Trying to stop a senile old man from killing us all is more important than which fork you use at the dinner table.

“Leaking the transcript of a presidential call to a foreign leader is unprecedented, shocking, and dangerous,” argued The Atlantic’s David Frum. “It is vitally important that a president be able to speak confidentially—and perhaps even more important that foreign leaders understand that they can reply in confidence.”


National leaders should indeed need to be able to trust that their discussions with one another will remain secure. But we are far from the point where foreign leaders assume transcripts of their calls with Trump, let alone future presidents, will end up on the front pages. Many have been quick to assume that this leak will have a chilling effect on U.S. relations with other countries, without stopping to ponder the likelihood that some foreign leaders might be relieved to learn that factions within the U.S. government are taking extraordinary steps to weaken this particular president.

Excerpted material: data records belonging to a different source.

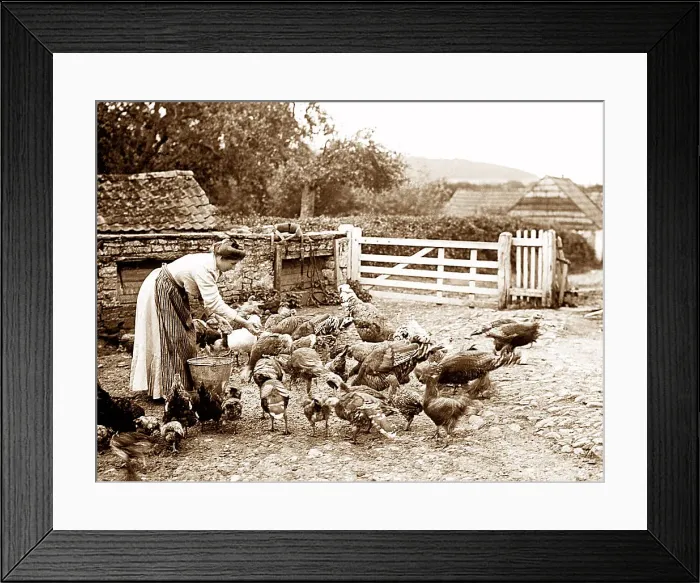 Framed Print : Farming feeding chickens early 1900s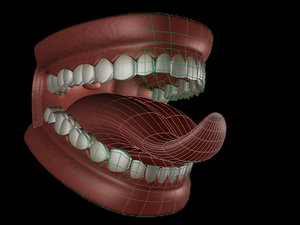 mouth tongue teeth e 3d model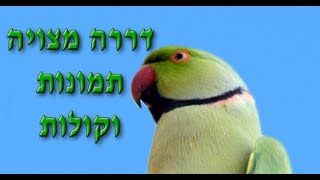 דררה מצוייה תמונות וקולות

If there are norms worth fretting over here, they aren’t the ones that govern whistleblowing, but the ones that should govern what U.S. political leaders do when the president is too incompetent to serve. It is because of their cowardice—their refusal to uphold norms they were elected and appointed to guard—that these transcripts leaked in the first place.

One norm we should bring back is that people like David Frum should do the honorable thing after being responsible for the deaths of hundreds of thousands of people.